The representation of an object is a set of filters (see 13.2) that determines how an object is actually represented. For example, a matrix or a polynomial can be stored sparsely or densely; all dense polynomials form a representation. An object which claims to lie in a certain representation is accepting the requirement that certain fields in the data structure be present and have specified meanings.

GAP distinguishes four essentially different ways to represent objects. First there are the representations IsInternalRep for internal objects such as integers and permutations, and IsDataObjectRep for other objects that are created and whose data are accessible only by kernel functions. The data structures underlying such objects cannot be manipulated at the GAP level.

All other objects are either in the representation IsComponentObjectRep or in the representation IsPositionalObjectRep, see 79.10 and 79.11.

An object can belong to several representations in the sense that it lies in several subrepresentations of IsComponentObjectRep or of IsPositionalObjectRep. The representations to which an object belongs should form a chain and either two representations are disjoint or one is contained in the other. So the subrepresentations of IsComponentObjectRep and IsPositionalObjectRep each form trees. In the language of Object Oriented Programming, we support only single inheritance for representations.

These trees are typically rather shallow, since for one representation to be contained in another implies that all the components of the data structure implied by the containing representation, are present in, and have the same meaning in, the smaller representation (whose data structure presumably contains some additional components).

Objects may change their representation, for example a mutable list of characters can be converted into a string.

All representations in the library are created during initialization, in particular they are not created dynamically at runtime.

Examples of subrepresentations of IsPositionalObjectRep are IsModulusRep, which is used for residue classes in the ring of integers, and IsDenseCoeffVectorRep, which is used for elements of algebras that are defined by structure constants.

An important subrepresentation of IsComponentObjectRep is IsAttributeStoringRep, which is used for many domains and some other objects. It provides automatic storing of all attribute values (see below).

13.4-1 RepresentationsOfObject
‣ RepresentationsOfObject( object )( operation )

returns a list of the names of the representations object has.

gap> g:=Group((1,2),(1,2,3));;
gap> RepresentationsOfObject(g);
[ "IsComponentObjectRep", "IsAttributeStoringRep" ]

13.5 Attributes

The attributes of an object describe knowledge about it.

An attribute is a unary operation without side-effects.

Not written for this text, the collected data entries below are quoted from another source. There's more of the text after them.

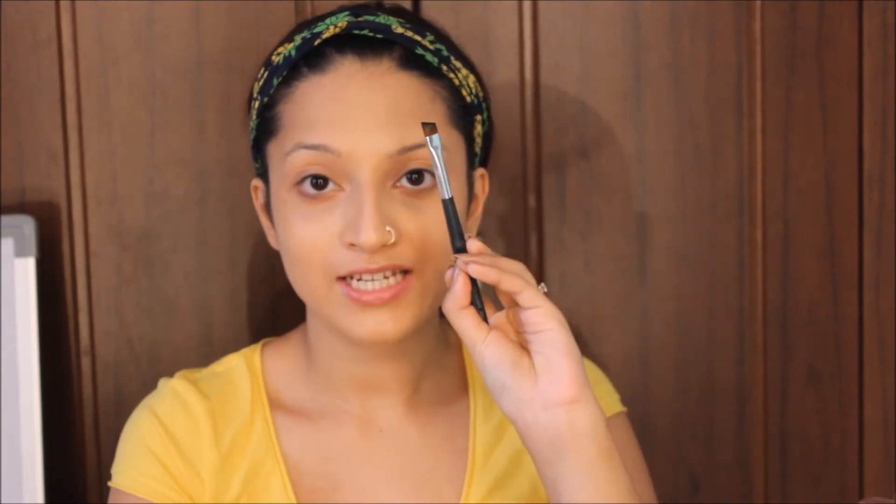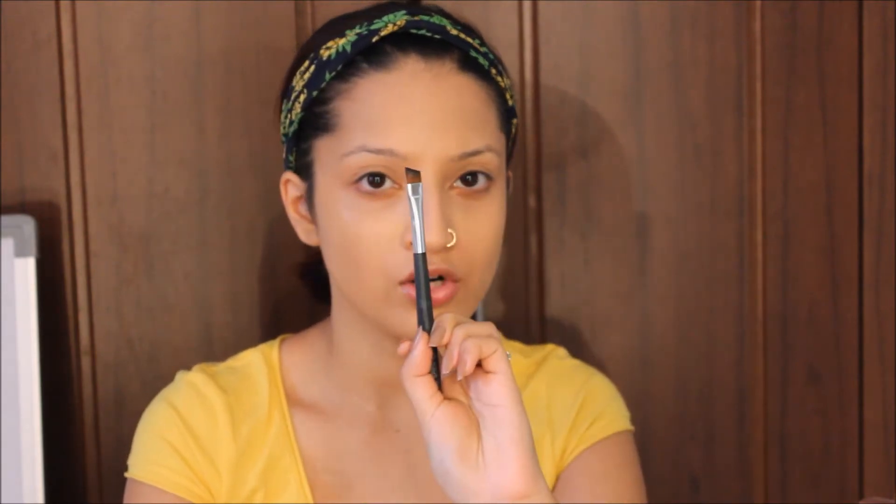So I am using the Morning Mocha eyeshadow by Sephora. And I am using a flat eyebrow brush — it's an angular brush. It looks like this. And I am just gonna start shaping my eyebrows.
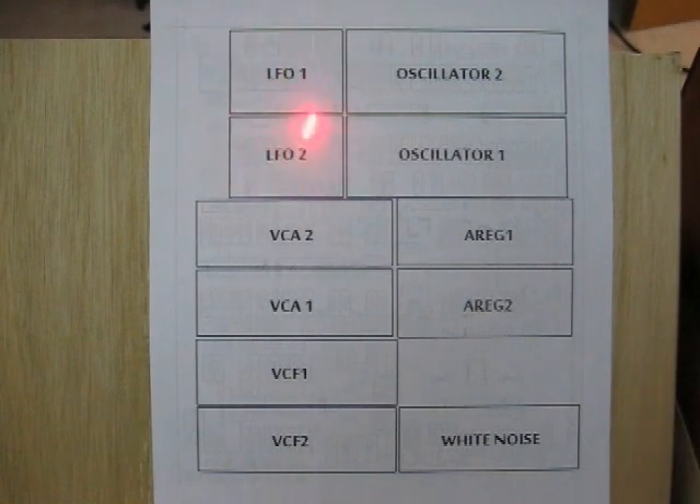There are two simple LFO circuits, two voltage controlled oscillators. These are not 1 volt per octave oscillators, but rather sound effect oscillators for sirens, birds, drones, bells, that type of thing. There are two simple VCA circuits, two simple attack release envelope generators, two low-pass voltage controlled filters, and lastly, a white noise source.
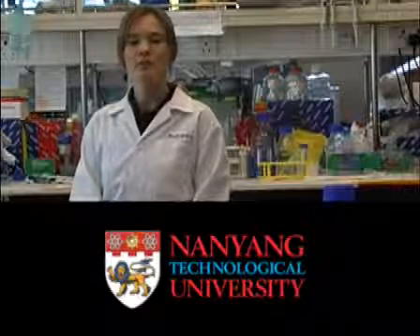This video presents the pouring, running, and processing of a typical gel. Hello, my name is Heike Sommer. I'm with Nanyang Technological University. In this demonstration I'm going to show you how to perform a denaturing polyacrylamide gel electrophoresis.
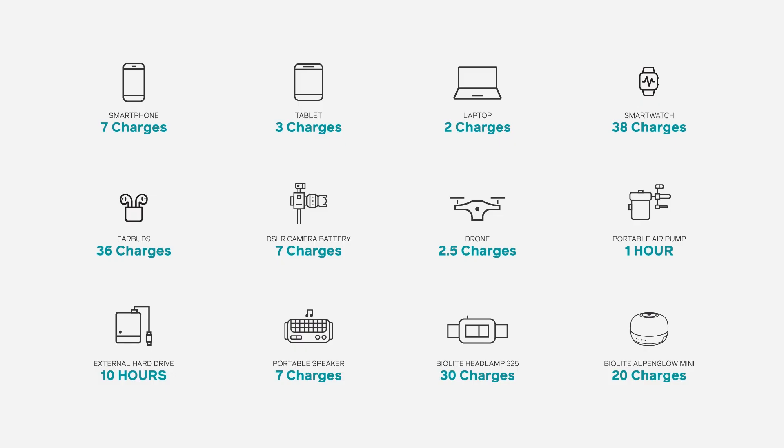Looking to see what else it can power on a single charge? Pause here for our reference guide on common personal devices.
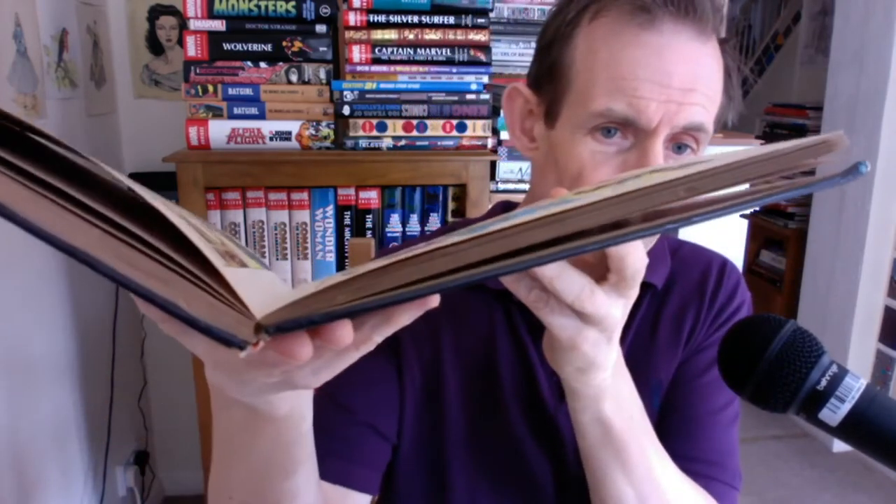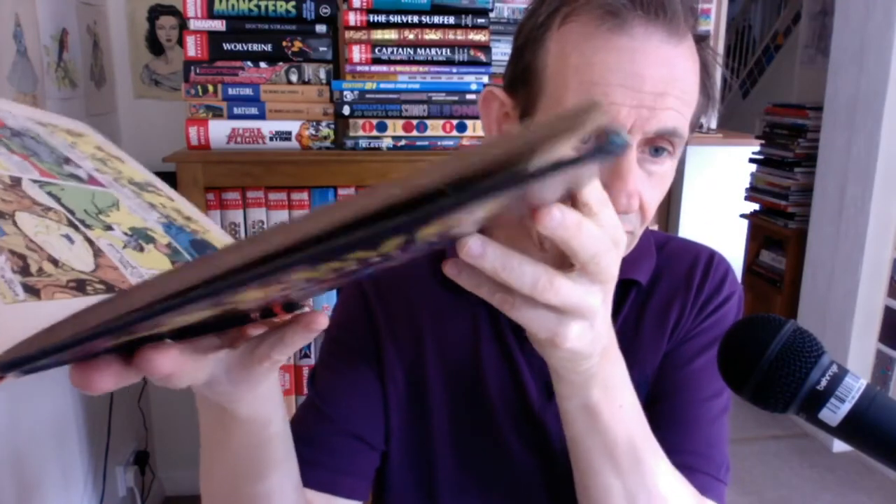Still in pretty decent condition. You can see the spine there — just drag it up. It goes right away. So it's reasonable considering it's been looked at and cherished over the years. You've got this great story with Captain America, and I love those old Atlas stories. Absolutely brilliant stories.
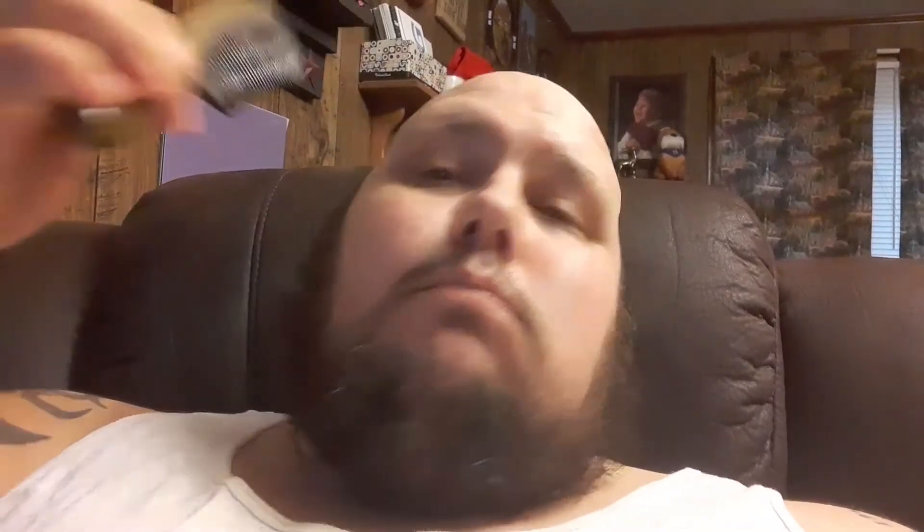Then I brush my beard out — brush down this side, make it look all nice and neat. After that I'm done for the day; my day has started and I'm ready to do whatever I have to do. I hope this video helps you out — I will drop a nighttime routine later on.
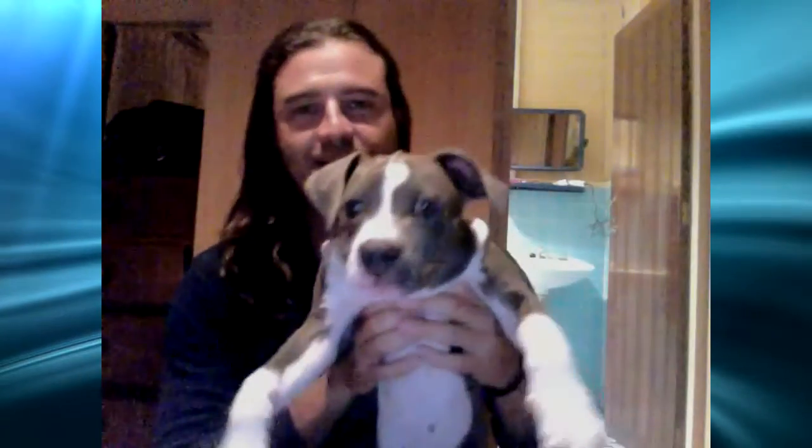Hey, this is Trent from RaisingMyVibrations.com. Today I am going to be performing Puppy Telekinesis with little Maya.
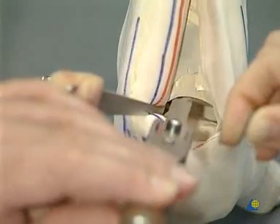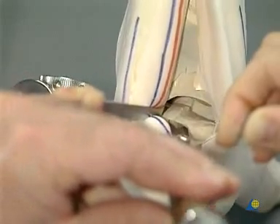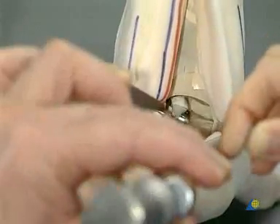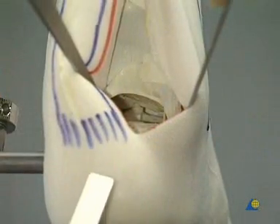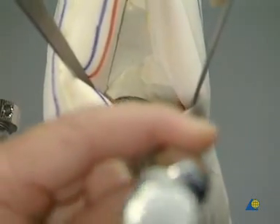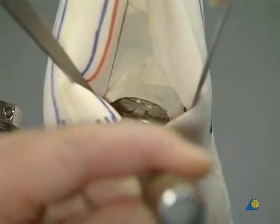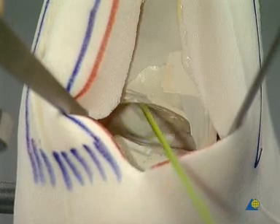Using a chisel or an osteotome, bony and cartilaginous debridement is performed on the calcaneus. Debridement is also carried out on the talus. All osteophytes and scar tissue must be removed.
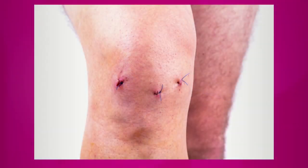Let's show that image one more time — look how fascinating that looks. Those are just three little holes, and that's basically how the arthroscopic surgery is done. No big deal.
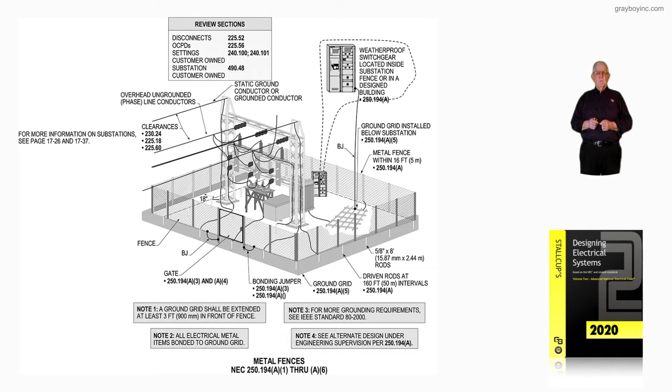This illustration deals with metal fences that enclose high-voltage equipment in a substation in accordance with 250.194A1 through A6. 250.194A1 through A6 is typically where the facility owns the substation. You may have a weatherproof switchgear sitting within the substation, as seen in the illustration. A grid would be built below the substation in accordance with IEEE 80.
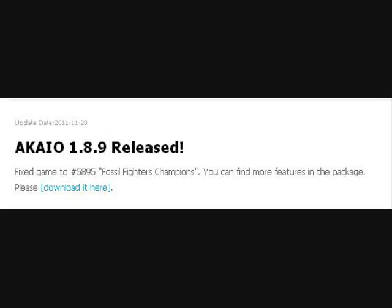It was released on November 28th that there is now an AKAIO firmware for the AceCard, version 1.8.9, that is now available. So go ahead and check that out. Always back up your saves before updating — AceCard says you should do that, and I always recommend that before you update.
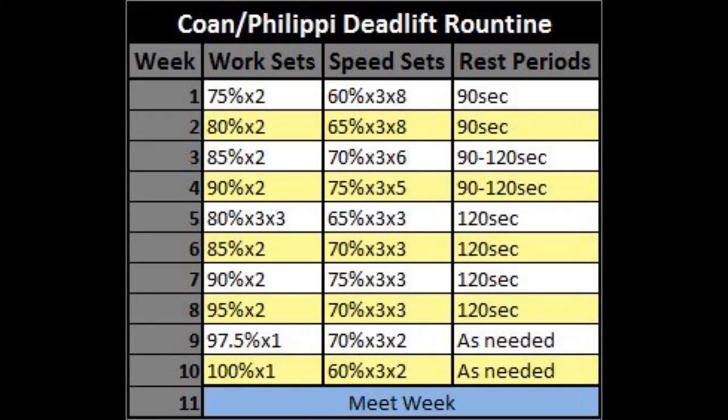To really understand this program it needs to be broken into two parts: the main deadlift workout and the assistance work afterwards. There's a spreadsheet linked in the description. The main deadlift routine has you working up to a single top set with progressively heavier poundages each week. These percentages are based off your desired max, not your current max — most people aim for a 25 to 35 pound improvement over the 10 weeks.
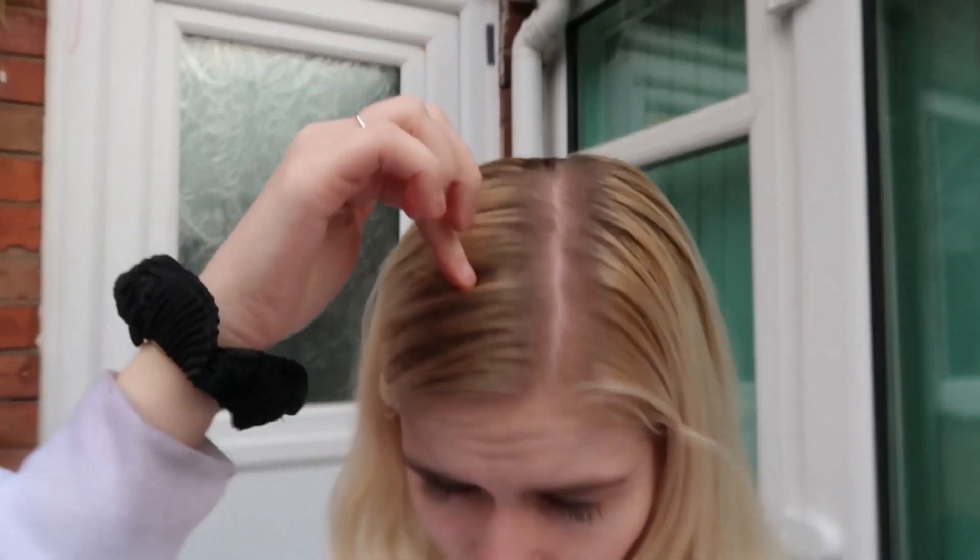Just before we begin, this is what my hair looks like outside. People asked what my hair color looks like in natural daylight — it is more of a light ashy blonde, but it does look brown compared to the whiter blonde further down. This is just what it looks like.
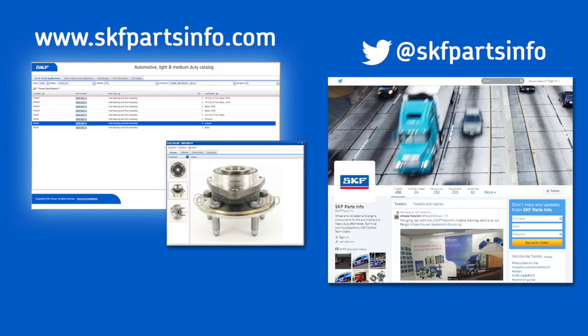For complete product information, visit us at skfpartsinfo.com and follow us on Twitter at SKF Parts Info.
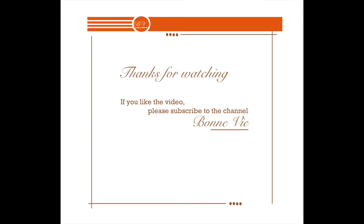If you have any recipe request, let us know in the comment box below. Please don't forget to hit like and subscribe to the channel.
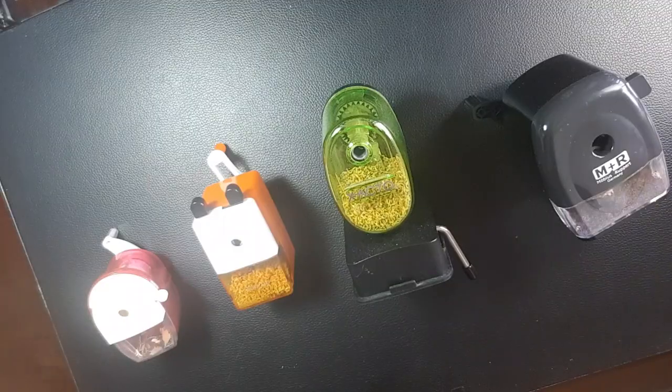So now the question becomes: what types of sharpeners do I use? I primarily use about four different types of sharpeners, and sometimes I'll use a fifth one. I usually like crank sharpeners. Let's go to a top-down view so you can see my favorite sharpeners.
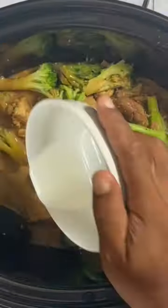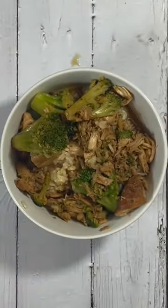And there you have it — a little additional cornstarch slurry for the thickness. Easy crockpot chicken and broccoli. Serve and enjoy.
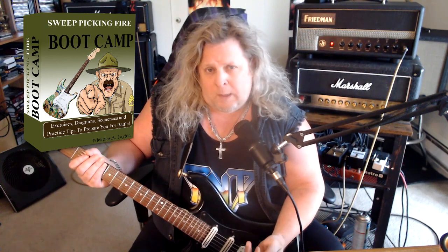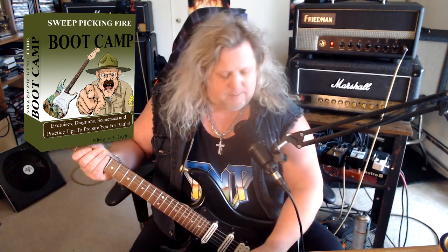The riff we're taking a look at will be tuned down a half step, so make sure and tune to E flat if you want to play along. Nothing too difficult here — there's a lot of chugging on the A string. Before we get going on the riff, make sure and check below for the tab in the description box, as well as my free sweep picking guide, Sweep Picking Boot Camp.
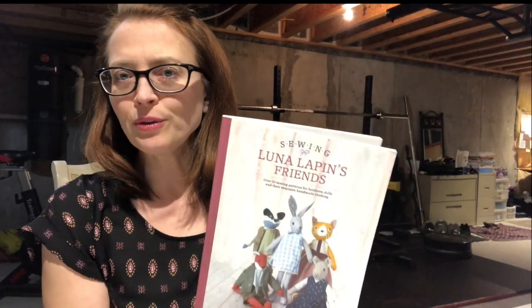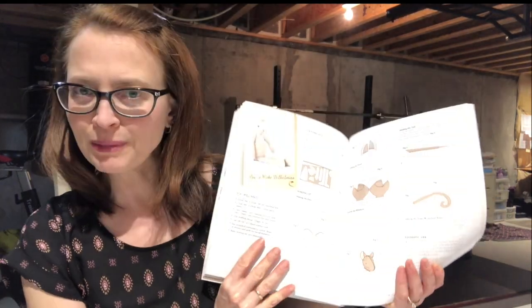Welcome back, everyone. I'm so glad you could join me again today. We're going to try something different with this project. The next thing we're doing is making Luna Lappin's friend, Wilhelmina Woodmouse. I thought it would be fun to see if you wanted to try a little sew-along with me — nothing too formal. I'm going to put this project out in chunks over the next four weeks, and at the end of four weeks, I'll compile it all together into a video for those who want to watch the whole thing at once.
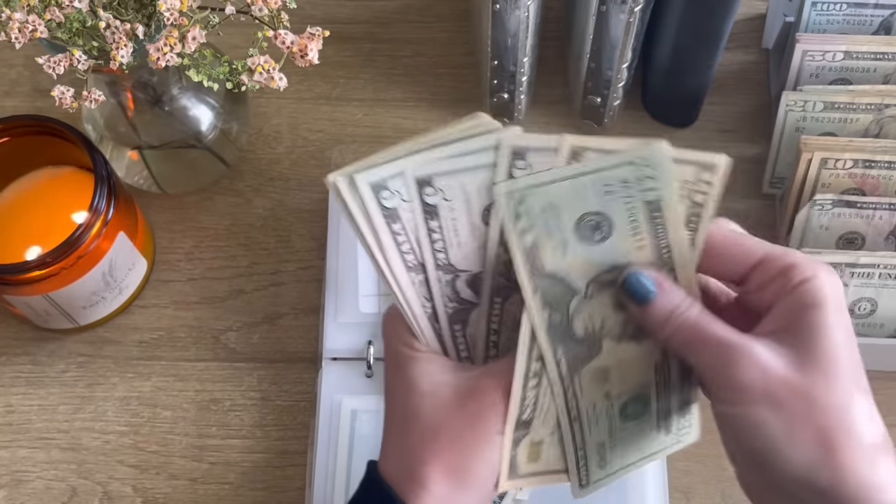Thanksgiving: counting through — $70. I love that, that was easy too. Oh that's because one in there is torn. $70 in Thanksgiving.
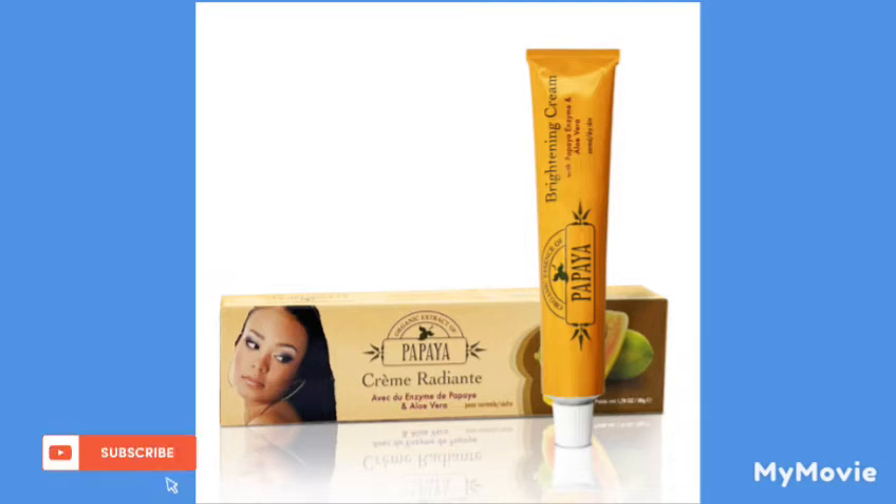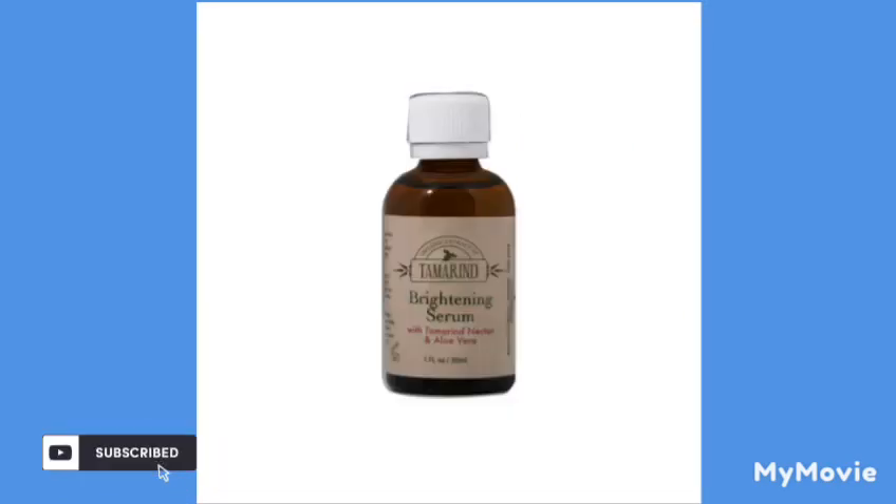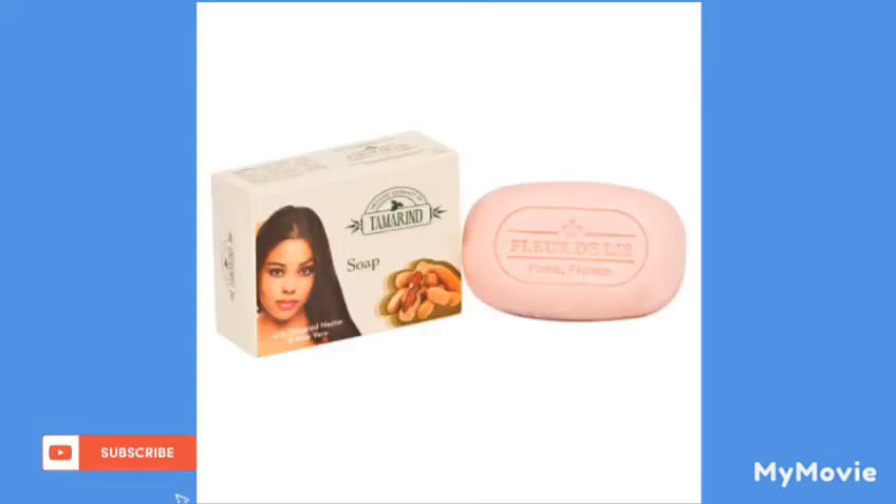Depending on how you want to lighten your skin, you're going to use a quarter or half of the tambourine brightening serum. Use lukewarm water to wash your face when using the tambourine soap — it opens the pores and allows your skin to be clean, pore-clog-free and healthy.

An object may store values of its attributes once they have been computed, and claim that it knows these values. Note that "store" and "know" have to be understood in the sense that it is very cheap to get such a value when the attribute is called again.

The stored value of an attribute is in general immutable (see 12.6), except if the attribute had been specially constructed as "mutable attribute".

It depends on the representation of an object (see 13.4) which attribute values it stores. An object in the representation IsAttributeStoringRep stores all attribute values once they are computed. Moreover, for an object in this representation, subsequent calls to an attribute will return the same object; this is achieved via a special method for each attribute setter that stores the attribute value in an object in IsAttributeStoringRep, and a special method for the attribute itself that fetches the stored attribute value. (These methods are called the "system setter" and the "system getter" of the attribute, respectively.)

Note also that it is impossible to get rid of a stored attribute value because the system may have drawn conclusions from the old attribute value, and just removing the value might leave the data structures in an inconsistent state. If necessary, a new object can be constructed.

Several attributes have methods for more than one argument. For example IsTransitive (41.10-1) is an attribute for a G-set that can also be called for the two arguments, being a group G and its action domain. If attributes are called with more than one argument then the return value is not stored in any of the arguments.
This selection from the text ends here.